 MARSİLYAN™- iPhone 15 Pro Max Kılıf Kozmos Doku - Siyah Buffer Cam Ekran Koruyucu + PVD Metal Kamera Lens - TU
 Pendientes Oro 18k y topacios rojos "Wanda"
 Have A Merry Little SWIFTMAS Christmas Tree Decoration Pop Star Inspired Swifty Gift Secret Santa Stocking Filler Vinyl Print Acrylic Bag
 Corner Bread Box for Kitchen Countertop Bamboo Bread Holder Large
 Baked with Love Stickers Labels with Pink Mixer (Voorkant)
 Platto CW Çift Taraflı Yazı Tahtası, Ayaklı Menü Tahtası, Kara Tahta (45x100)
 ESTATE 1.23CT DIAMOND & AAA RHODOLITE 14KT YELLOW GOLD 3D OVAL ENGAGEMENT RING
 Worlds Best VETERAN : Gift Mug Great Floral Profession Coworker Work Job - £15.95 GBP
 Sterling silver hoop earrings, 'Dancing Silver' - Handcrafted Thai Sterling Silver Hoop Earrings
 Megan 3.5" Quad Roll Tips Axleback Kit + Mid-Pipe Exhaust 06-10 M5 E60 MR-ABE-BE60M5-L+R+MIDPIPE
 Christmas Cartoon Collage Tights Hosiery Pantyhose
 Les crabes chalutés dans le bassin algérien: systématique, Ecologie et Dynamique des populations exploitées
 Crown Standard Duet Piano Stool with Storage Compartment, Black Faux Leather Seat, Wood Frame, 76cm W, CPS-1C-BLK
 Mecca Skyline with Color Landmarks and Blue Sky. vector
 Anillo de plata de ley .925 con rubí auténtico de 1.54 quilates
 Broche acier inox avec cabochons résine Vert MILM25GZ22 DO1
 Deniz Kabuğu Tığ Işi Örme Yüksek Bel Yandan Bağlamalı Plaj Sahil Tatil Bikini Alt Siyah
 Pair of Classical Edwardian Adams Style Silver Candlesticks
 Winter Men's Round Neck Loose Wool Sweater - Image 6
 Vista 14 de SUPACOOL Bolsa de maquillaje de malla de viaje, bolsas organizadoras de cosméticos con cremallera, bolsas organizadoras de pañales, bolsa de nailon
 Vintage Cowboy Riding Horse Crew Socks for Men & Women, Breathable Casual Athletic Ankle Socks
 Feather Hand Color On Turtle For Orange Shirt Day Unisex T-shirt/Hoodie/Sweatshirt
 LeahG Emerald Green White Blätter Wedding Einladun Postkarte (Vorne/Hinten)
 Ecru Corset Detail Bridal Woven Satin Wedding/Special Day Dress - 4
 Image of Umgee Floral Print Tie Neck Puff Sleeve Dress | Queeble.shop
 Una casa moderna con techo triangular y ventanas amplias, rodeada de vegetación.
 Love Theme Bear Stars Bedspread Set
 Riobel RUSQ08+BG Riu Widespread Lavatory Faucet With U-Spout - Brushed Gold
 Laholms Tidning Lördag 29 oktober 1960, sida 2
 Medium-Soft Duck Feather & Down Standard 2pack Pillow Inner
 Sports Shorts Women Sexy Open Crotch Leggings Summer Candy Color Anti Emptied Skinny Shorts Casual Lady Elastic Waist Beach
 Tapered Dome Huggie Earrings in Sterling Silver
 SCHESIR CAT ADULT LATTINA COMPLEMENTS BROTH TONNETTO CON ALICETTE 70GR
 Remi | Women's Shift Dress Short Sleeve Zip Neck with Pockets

----

[ABOUT THIS TASK] The answer must consist of every entry, set down exactly as given.

[SOLUTION BELOW]
 MARSİLYAN™- iPhone 15 Pro Max Kılıf Kozmos Doku - Siyah Buffer Cam Ekran Koruyucu + PVD Metal Kamera Lens - TU
 Pendientes Oro 18k y topacios rojos "Wanda"
 Have A Merry Little SWIFTMAS Christmas Tree Decoration Pop Star Inspired Swifty Gift Secret Santa Stocking Filler Vinyl Print Acrylic Bag
 Corner Bread Box for Kitchen Countertop Bamboo Bread Holder Large
 Baked with Love Stickers Labels with Pink Mixer (Voorkant)
 Platto CW Çift Taraflı Yazı Tahtası, Ayaklı Menü Tahtası, Kara Tahta (45x100)
 ESTATE 1.23CT DIAMOND & AAA RHODOLITE 14KT YELLOW GOLD 3D OVAL ENGAGEMENT RING
 Worlds Best VETERAN : Gift Mug Great Floral Profession Coworker Work Job - £15.95 GBP
 Sterling silver hoop earrings, 'Dancing Silver' - Handcrafted Thai Sterling Silver Hoop Earrings
 Megan 3.5" Quad Roll Tips Axleback Kit + Mid-Pipe Exhaust 06-10 M5 E60 MR-ABE-BE60M5-L+R+MIDPIPE
 Christmas Cartoon Collage Tights Hosiery Pantyhose
 Les crabes chalutés dans le bassin algérien: systématique, Ecologie et Dynamique des populations exploitées
 Crown Standard Duet Piano Stool with Storage Compartment, Black Faux Leather Seat, Wood Frame, 76cm W, CPS-1C-BLK
 Mecca Skyline with Color Landmarks and Blue Sky. vector
 Anillo de plata de ley .925 con rubí auténtico de 1.54 quilates
 Broche acier inox avec cabochons résine Vert MILM25GZ22 DO1
 Deniz Kabuğu Tığ Işi Örme Yüksek Bel Yandan Bağlamalı Plaj Sahil Tatil Bikini Alt Siyah
 Pair of Classical Edwardian Adams Style Silver Candlesticks
 Winter Men's Round Neck Loose Wool Sweater - Image 6
 Vista 14 de SUPACOOL Bolsa de maquillaje de malla de viaje, bolsas organizadoras de cosméticos con cremallera, bolsas organizadoras de pañales, bolsa de nailon
 Vintage Cowboy Riding Horse Crew Socks for Men & Women, Breathable Casual Athletic Ankle Socks
 Feather Hand Color On Turtle For Orange Shirt Day Unisex T-shirt/Hoodie/Sweatshirt
 LeahG Emerald Green White Blätter Wedding Einladun Postkarte (Vorne/Hinten)
 Ecru Corset Detail Bridal Woven Satin Wedding/Special Day Dress - 4
 Image of Umgee Floral Print Tie Neck Puff Sleeve Dress | Queeble.shop
 Una casa moderna con techo triangular y ventanas amplias, rodeada de vegetación.
 Love Theme Bear Stars Bedspread Set
 Riobel RUSQ08+BG Riu Widespread Lavatory Faucet With U-Spout - Brushed Gold
 Laholms Tidning Lördag 29 oktober 1960, sida 2
 Medium-Soft Duck Feather & Down Standard 2pack Pillow Inner
 Sports Shorts Women Sexy Open Crotch Leggings Summer Candy Color Anti Emptied Skinny Shorts Casual Lady Elastic Waist Beach
 Tapered Dome Huggie Earrings in Sterling Silver
 SCHESIR CAT ADULT LATTINA COMPLEMENTS BROTH TONNETTO CON ALICETTE 70GR
 Remi | Women's Shift Dress Short Sleeve Zip Neck with Pockets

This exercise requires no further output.